Dialogue de la reine Cléopâtre avec les Philosophes ses disciples
Citons-en ici quelques lignes pour indiquer
sur quelle perspective débouche le prône du Fils du Soleil :
« Ayant pris la parole, Ostanès et ses
compagnons dirent à Cléopâtre : En toi se tient cachée la totalité du mystère
terrible et extraordinaire Dis-nous comment les eaux bénies descendent d'en
haut pour visiter les morts tombés, enchaînés, opprimés dans la ténèbre et
l'obscurité de l'Hadès [ ... ]. L'âme et l'esprit se réjouissent de ce que les
ténèbres aient fui loin du corps, et l'âme appelle le corps qui est devenu lumineux
: réveille-toi du fond de l'Hadès, ressuscite hors du tombeau, lève-toi et sors
des ténèbres! Car tu as revêtu la spiritualisation [pneumatôsis], la
divinisation [theiôsis], puisque la voie de la résurrection est venue à toi et
que le filtre de vie a pénétré jusqu'à toi [ ... ]. Et ils se sont unis tous
trois dans l'amour, le corps, l'âme et l'esprit, et ils sont devenus un, et
dans cet un est caché le mystère. Par le fait de leur réunion le mystère s'est
accompli : le temple a été marqué du sceau, et une statue s'est dressée, pleine
de lumière et de déité [ ... ]. »
Ainsi se trouvent réunies les trois
composantes du cérémonial de l'alchimie comme art hiératique : motif de la
statue, motif du temple, motif du prêtre.

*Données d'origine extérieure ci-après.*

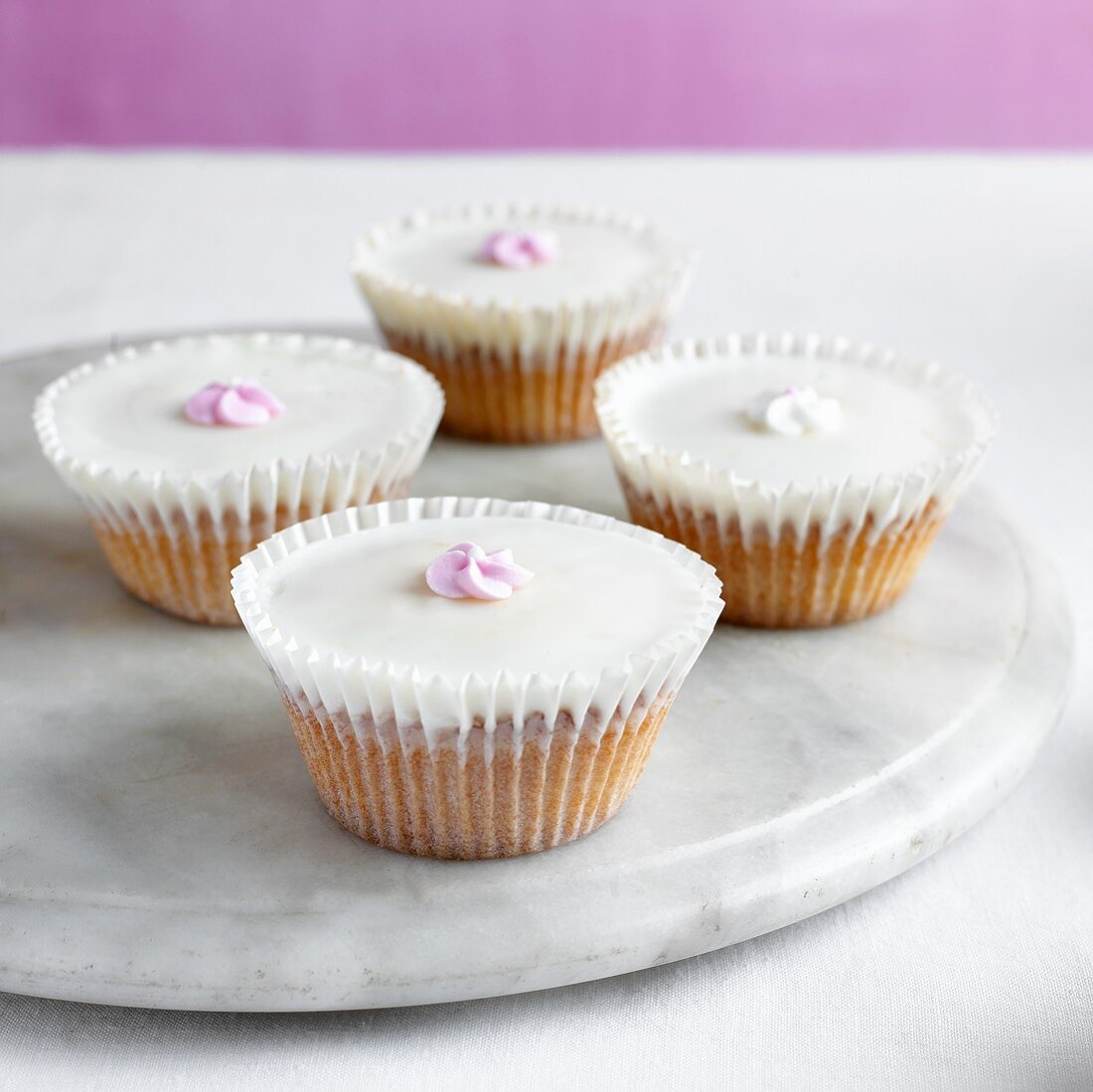 Vier Cupcakes mit Zuckerblumen auf Marmorteller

On entrevoit donc très bien comment le
dialogue de Cléopâtre avec ses disciples forme l'horizon auquel s'élèvent les
thèmes du temple et de la statue du Fils du Soleil, le premier des sept temples
et la première des sept statues du Livre
des Statues vivantes d'Apollonios de Tyane, et combien judicieuse est
l'initiative de Jaldakî appelant le dialogue de Cléopâtre à commenter le Livre
d'Apollonios. De même qu'ici il faut la réunion des trois pour que la statue se
dresse, de même Jaldakî insiste, nous l'avons vu, sur le fait que la statue ne
devient une Statue qu'après que l'or en a été transféré hors de sa matrice
originelle naturelle, pour devenir de nature spirituelle, humaine, angélique,
solaire... Statue in mundo imaginale.
L'une des « Statues intérieures » dont parle Giordano Bruno.

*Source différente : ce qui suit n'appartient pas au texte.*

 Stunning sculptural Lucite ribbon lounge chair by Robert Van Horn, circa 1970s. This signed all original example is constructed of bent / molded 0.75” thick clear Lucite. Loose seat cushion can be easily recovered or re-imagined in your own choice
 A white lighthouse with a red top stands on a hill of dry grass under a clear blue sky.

Au terme de son grand commentaire du «
Dialogue de la reine Cléopâtre avec les Philosophes ses disciples », Jaldakî
introduit alors « le Grand livre de la Lune », d'Apollonios: Viendront ensuite
les prônes de chaque statue des cinq autres divinités planétaires, chacune
constituée du métal « philosophique » qui lui correspond, et se manifestant
dans son Temple avec un cérémonial analogue à celui auquel nous avons assisté
ci-dessus dans le Temple du Soleil.
Le peu que nous en avons dit ici donnera
quelque idée du travail énorme qu'il reste à accomplir pour pénétrer dans le
détail des profondeurs de l'alchimie islamique, héritière de tout ce qui la
précéda, comme « science de la Résurrection » qui ne peut être révélée qu'aux
initiés. De nos jours encore, l'école shaykhie, en Islam iranien, a produit
d'importants traités d'alchimie. Toutes les recherches récentes autour des
textes alchimiques latins ont montré, certes, que l'alchimie est tout autre
chose qu'un chapitre de l'Histoire des sciences, précurseur de la chimie. Mais
combien de textes latins sont encore en manuscrits, comme presque tous ceux de
l'alchimie islamique, pour ne rien dire de l'alchimie taoïste, de l'alchimie de
la cabale. L'espoir d'arriver à reconstituer la vision alchimique du monde
est-il un espoir eschatologique? Lorsque l'on commence l'étude d'un traité
d'alchimie, la lecture des premières pages se passe en général très bien. Brusquement
nous faisons une chute dans le vide parce qu'il nous manque la clavis hermeneutica. Le secret de l'art
hiératique est-il à jamais perdu?
Extrait du postlude d'Henry Corbin au Livre des sept statues
d'Apollonios de Tyane commenté par Jaldakî
dans " Alchimie comme art hiératique".